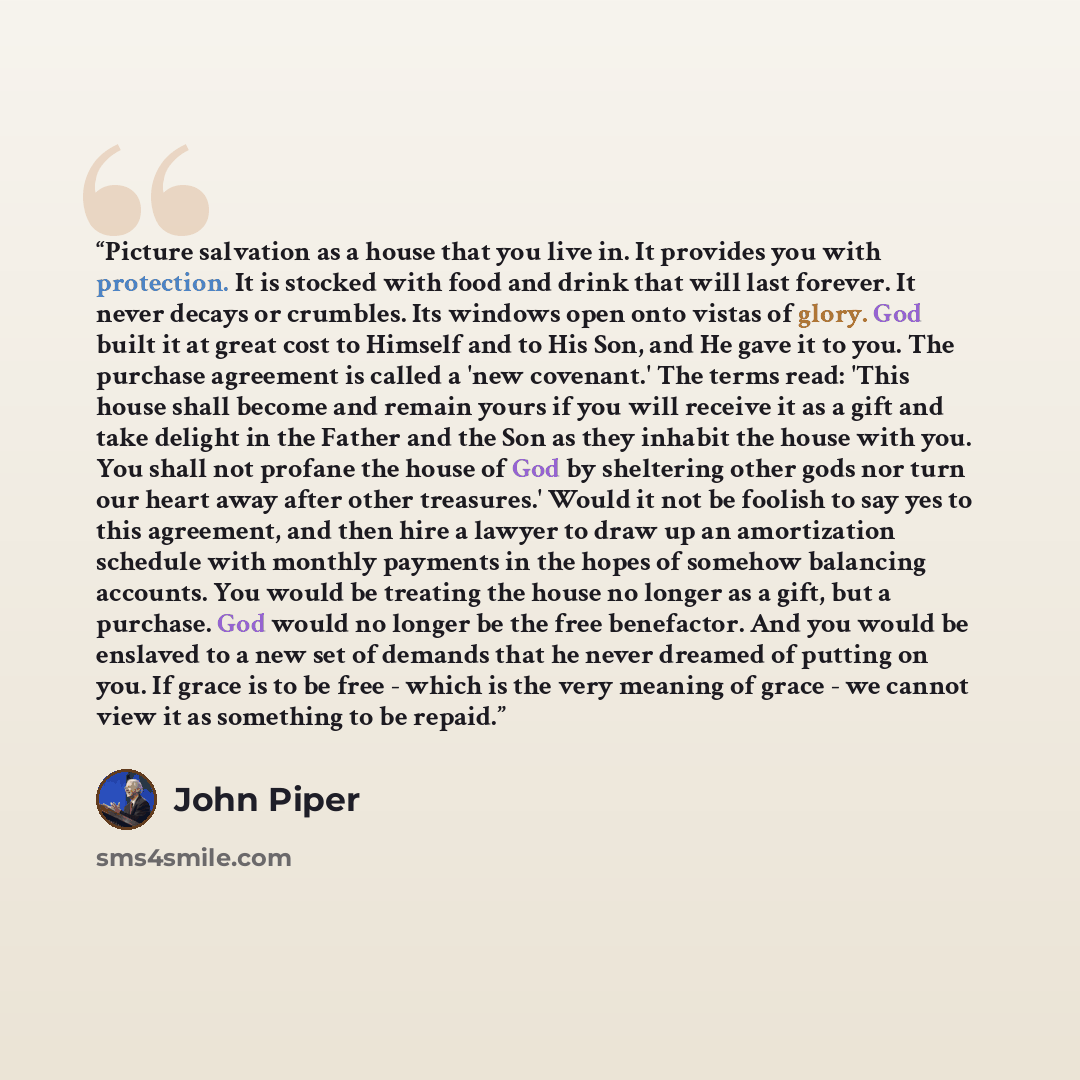 “Picture salvation as a house that you live in. It provides you with protection. It is stocked with food and drink that will last forever. It never decays or crumbles. Its windows open onto vistas of glory. God built it at great cost to Himself and to His Son, and He gave it to you. The purchase…” quote by John Piper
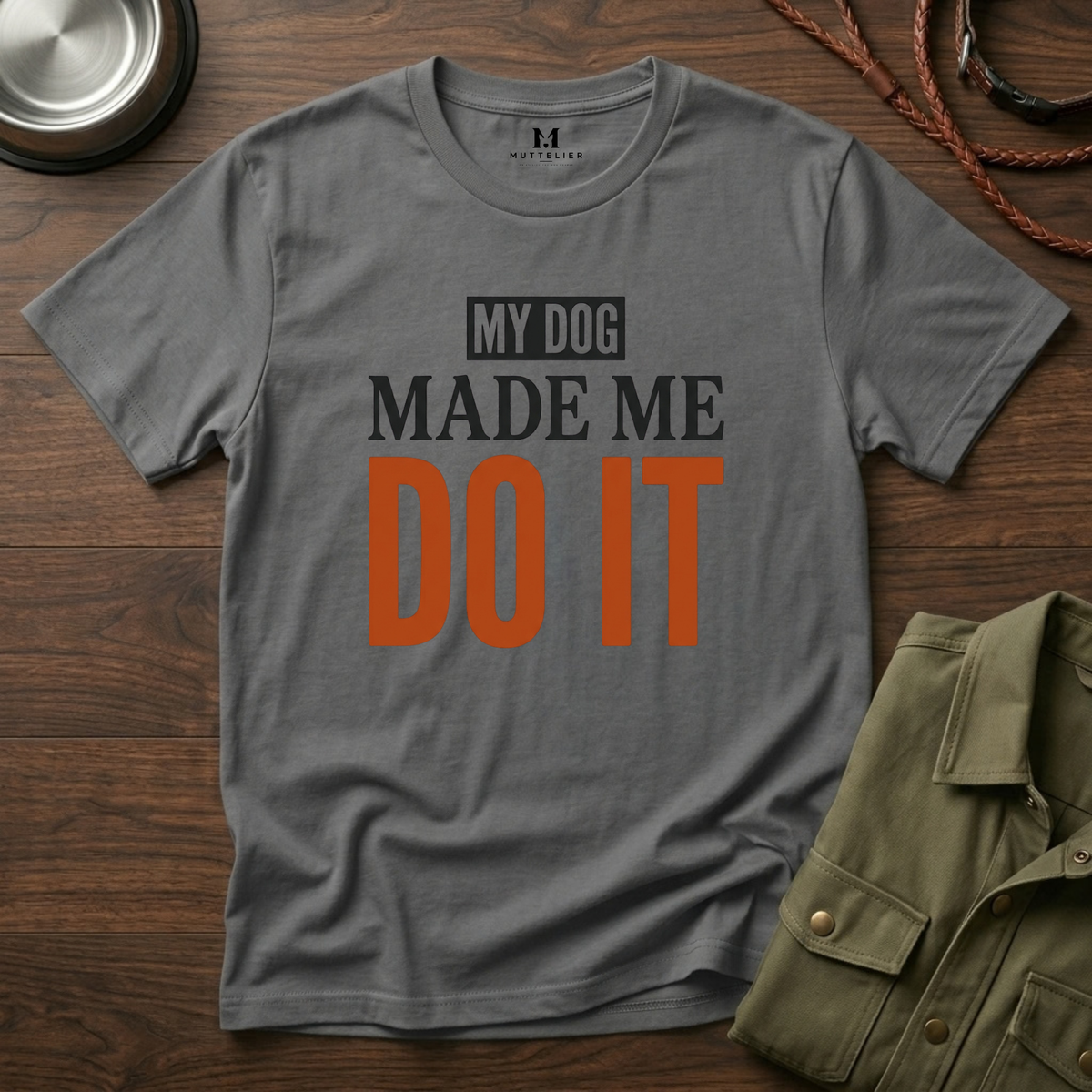 My Dog Made me Do it T-Shirt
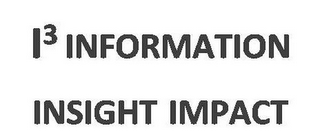 I3 INFORMATION INSIGHT IMPACT logo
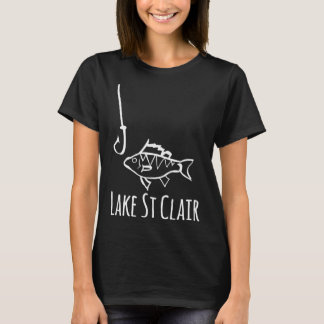 Lake St Clair Michigan Angeln Fisch Mit Haken Laun T-Shirt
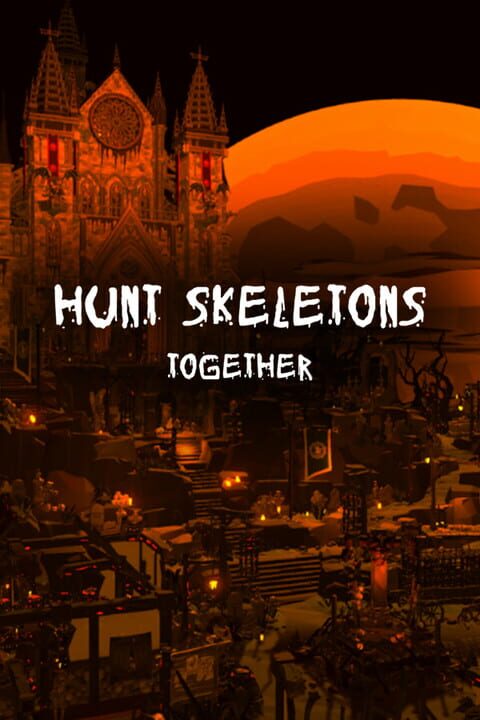 Hunt Skeletons Together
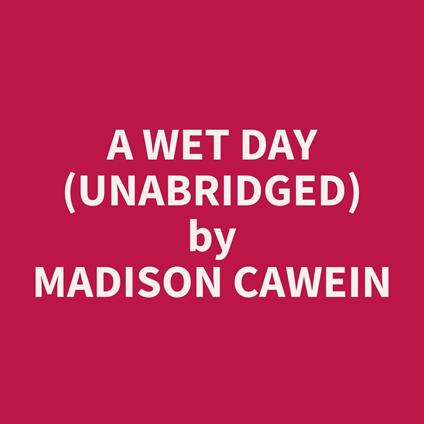 A Wet Day (Unabridged)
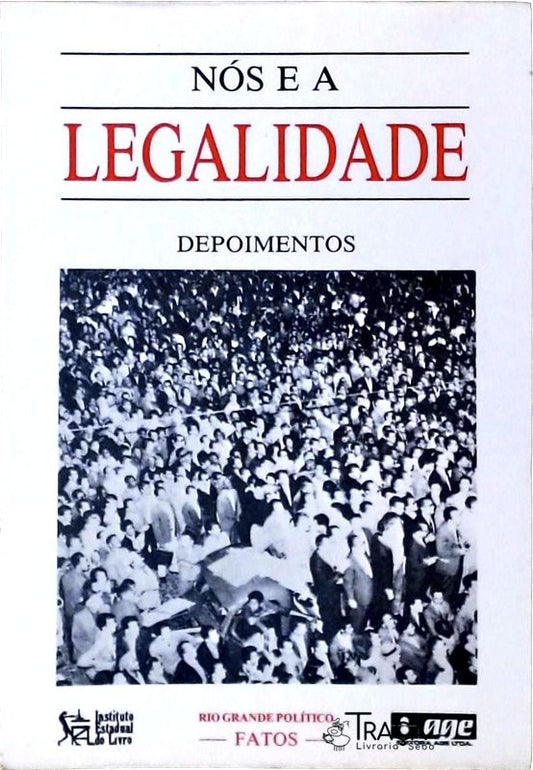 Nós e a Legalidade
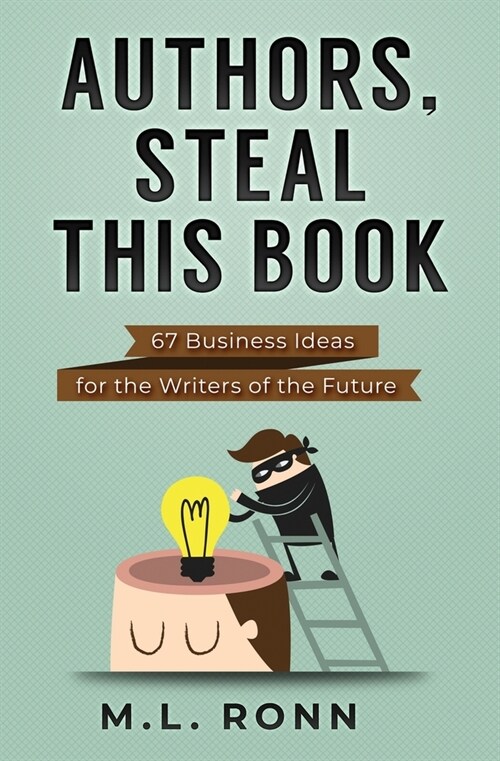 Authors, Steal This Book: 67 Business Ideas for the Writers of the Future (Paperback)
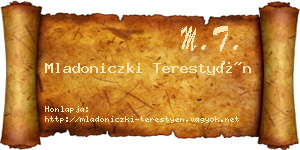 Mladoniczki Terestyén névjegykártya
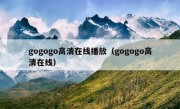 gogogo高清在线播放（gogogo高清在线）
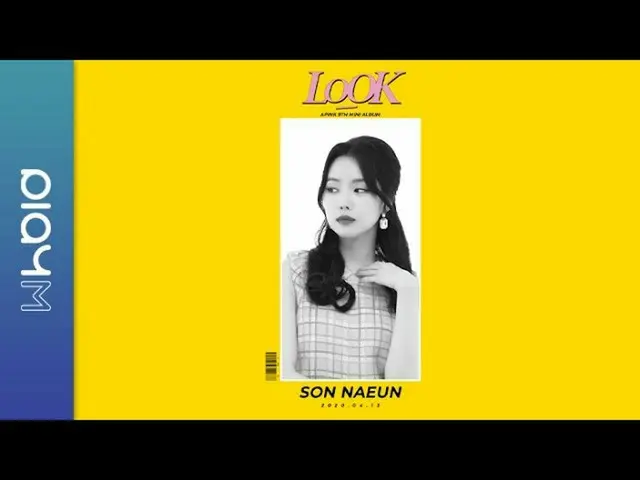 【公式】Apink，Apink 9th Mini Album [LOOK] Motion Teaser Naeun  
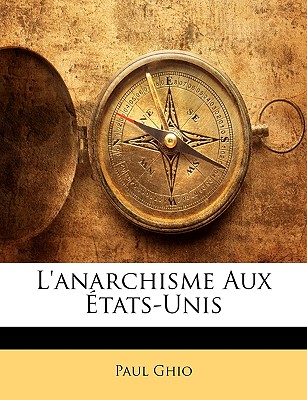 L'anarchisme Aux États-Unis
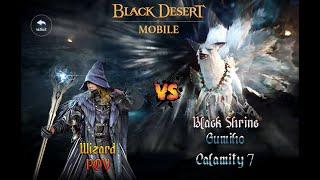 Black Desert Mobile - Black Shrine - Gumiho | Calamity 7 - Wizard POV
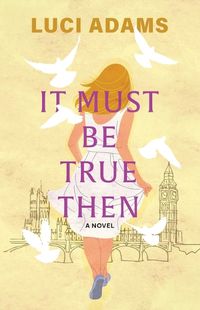 Cover image for It Must Be True Then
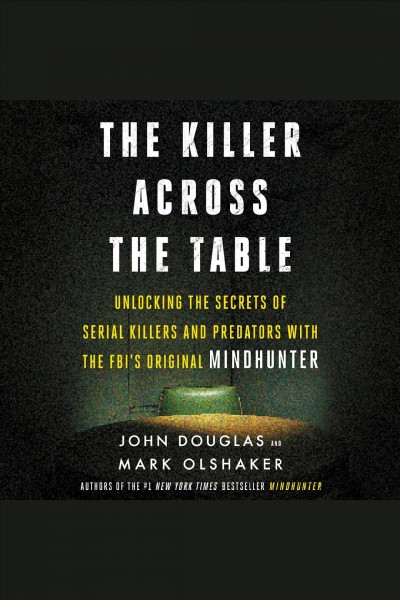 The killer across the table : unlocking the secrets of serial killers and predators with the FBI's original mindhunter [electronic resource] / John Douglas and Mark Olshaker.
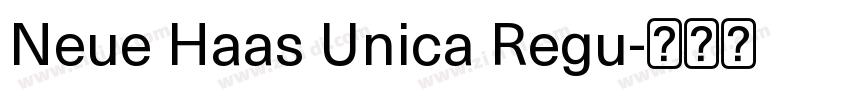 Neue Haas Unica Regu字体转换 Neue Haas Unica Regu字体转换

::::

◆ What is expected: Extract only the lines from the line containing "Mladoniczki Terestyén névjegykártya" through the final line of the records; keep both ends and drop every picture.

◆ Task output:
 Mladoniczki Terestyén névjegykártya
 gogogo高清在线播放（gogogo高清在线）
 【公式】Apink，Apink 9th Mini Album [LOOK] Motion Teaser Naeun  
 L'anarchisme Aux États-Unis
 Black Desert Mobile - Black Shrine - Gumiho | Calamity 7 - Wizard POV
 Cover image for It Must Be True Then
 The killer across the table : unlocking the secrets of serial killers and predators with the FBI's original mindhunter [electronic resource] / John Douglas and Mark Olshaker.
 Neue Haas Unica Regu字体转换 Neue Haas Unica Regu字体转换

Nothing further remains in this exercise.